» **RECORDS SHOWN**
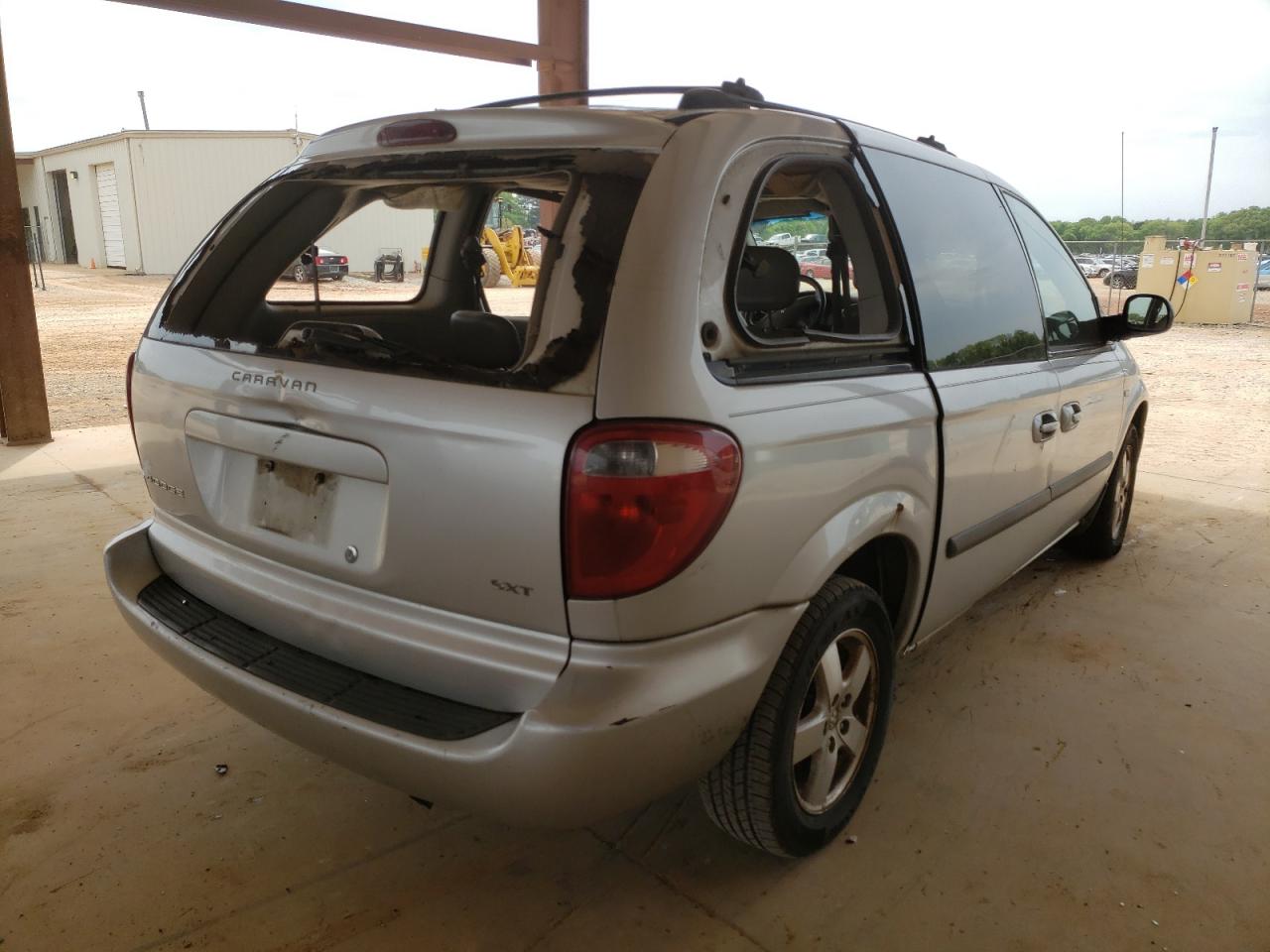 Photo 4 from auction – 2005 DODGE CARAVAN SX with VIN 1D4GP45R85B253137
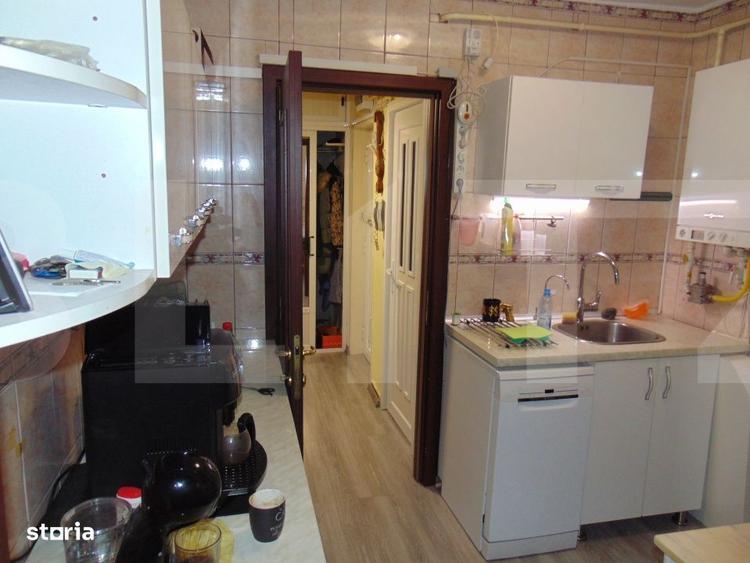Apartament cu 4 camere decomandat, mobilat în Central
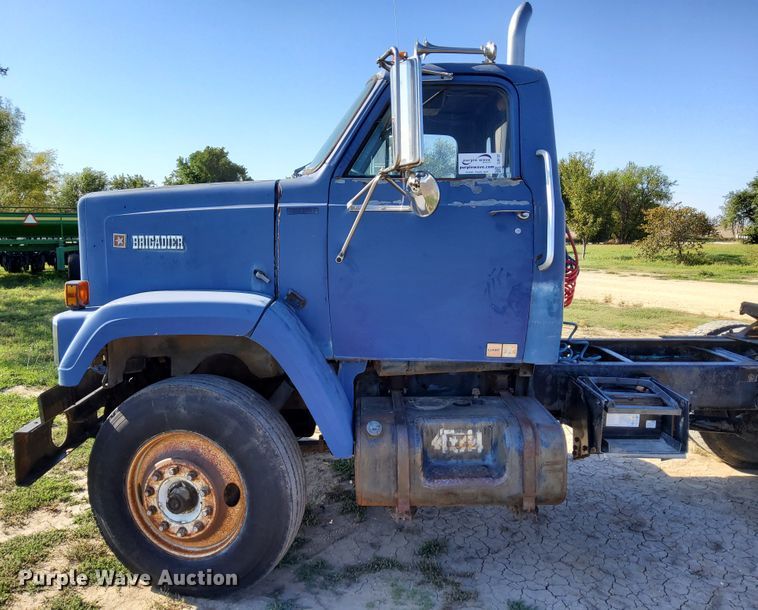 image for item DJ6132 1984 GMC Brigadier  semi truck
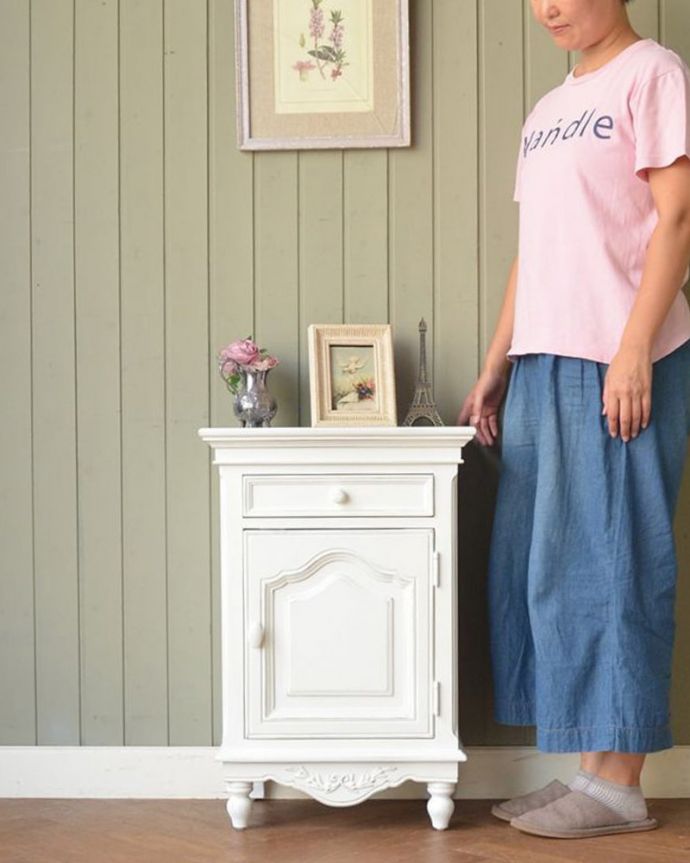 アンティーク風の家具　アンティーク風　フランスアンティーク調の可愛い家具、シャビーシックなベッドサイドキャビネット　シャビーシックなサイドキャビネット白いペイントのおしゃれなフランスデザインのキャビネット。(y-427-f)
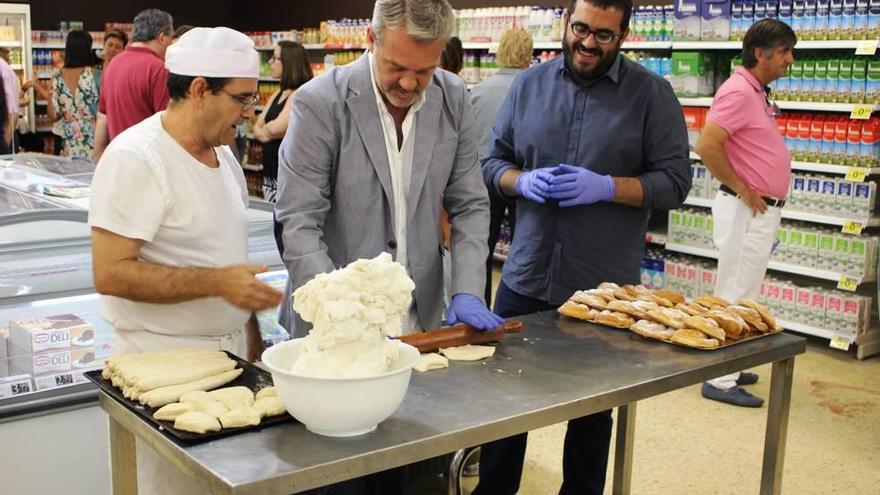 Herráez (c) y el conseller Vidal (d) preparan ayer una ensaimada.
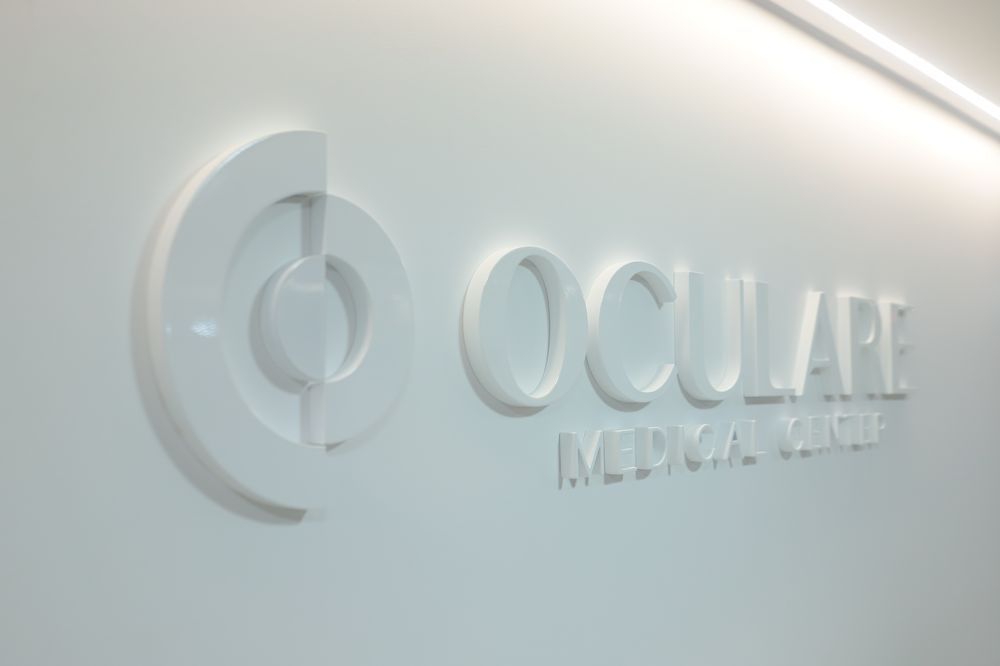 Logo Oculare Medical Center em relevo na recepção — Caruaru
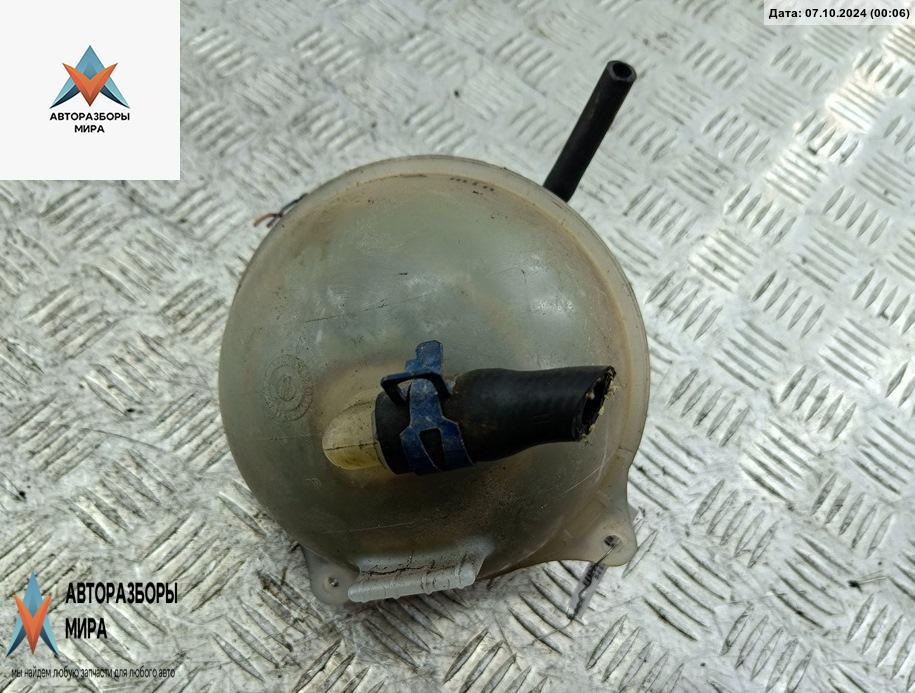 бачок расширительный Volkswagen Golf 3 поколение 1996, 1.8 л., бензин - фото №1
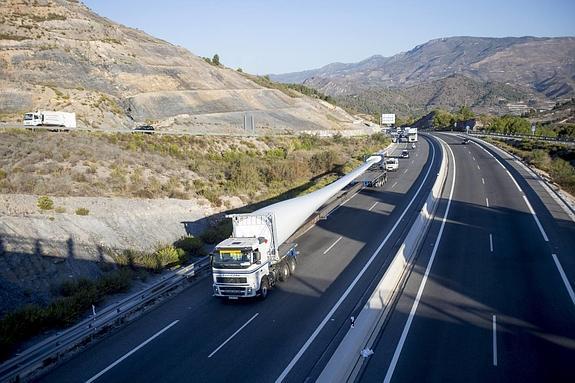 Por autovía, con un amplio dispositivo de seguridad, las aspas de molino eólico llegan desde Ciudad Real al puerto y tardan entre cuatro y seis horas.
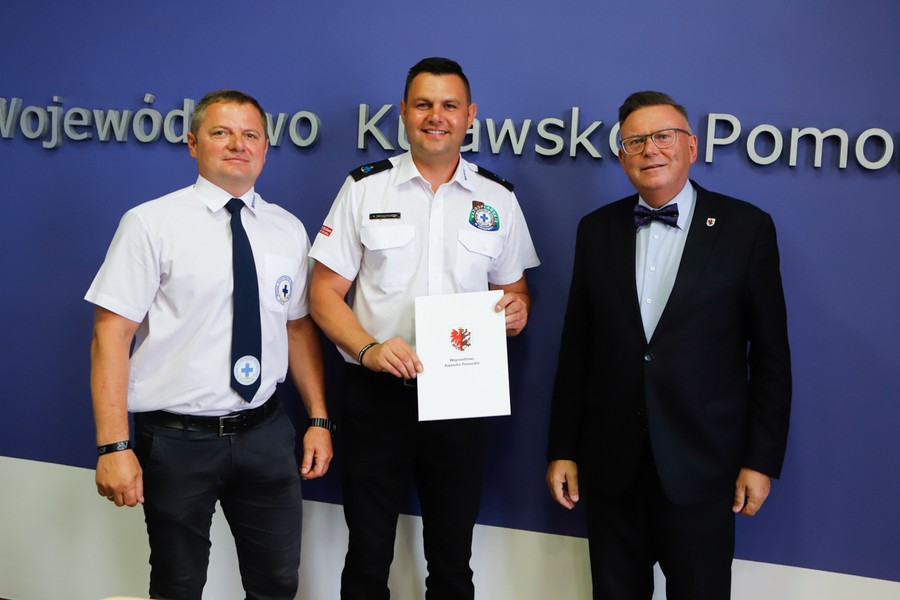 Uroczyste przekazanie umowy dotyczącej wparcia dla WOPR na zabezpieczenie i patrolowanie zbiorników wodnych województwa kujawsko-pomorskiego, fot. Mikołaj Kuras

» **WHAT YOU ARE ASKED TO DO**
Drop every image, please, and write out the data above exactly as shown.

» **OUTPUT BELOW**
 Photo 4 from auction – 2005 DODGE CARAVAN SX with VIN 1D4GP45R85B253137
Apartament cu 4 camere decomandat, mobilat în Central
 image for item DJ6132 1984 GMC Brigadier  semi truck
 アンティーク風の家具　アンティーク風　フランスアンティーク調の可愛い家具、シャビーシックなベッドサイドキャビネット　シャビーシックなサイドキャビネット白いペイントのおしゃれなフランスデザインのキャビネット。(y-427-f)
 Herráez (c) y el conseller Vidal (d) preparan ayer una ensaimada.
 Logo Oculare Medical Center em relevo na recepção — Caruaru
 бачок расширительный Volkswagen Golf 3 поколение 1996, 1.8 л., бензин - фото №1
 Por autovía, con un amplio dispositivo de seguridad, las aspas de molino eólico llegan desde Ciudad Real al puerto y tardan entre cuatro y seis horas.
 Uroczyste przekazanie umowy dotyczącej wparcia dla WOPR na zabezpieczenie i patrolowanie zbiorników wodnych województwa kujawsko-pomorskiego, fot. Mikołaj Kuras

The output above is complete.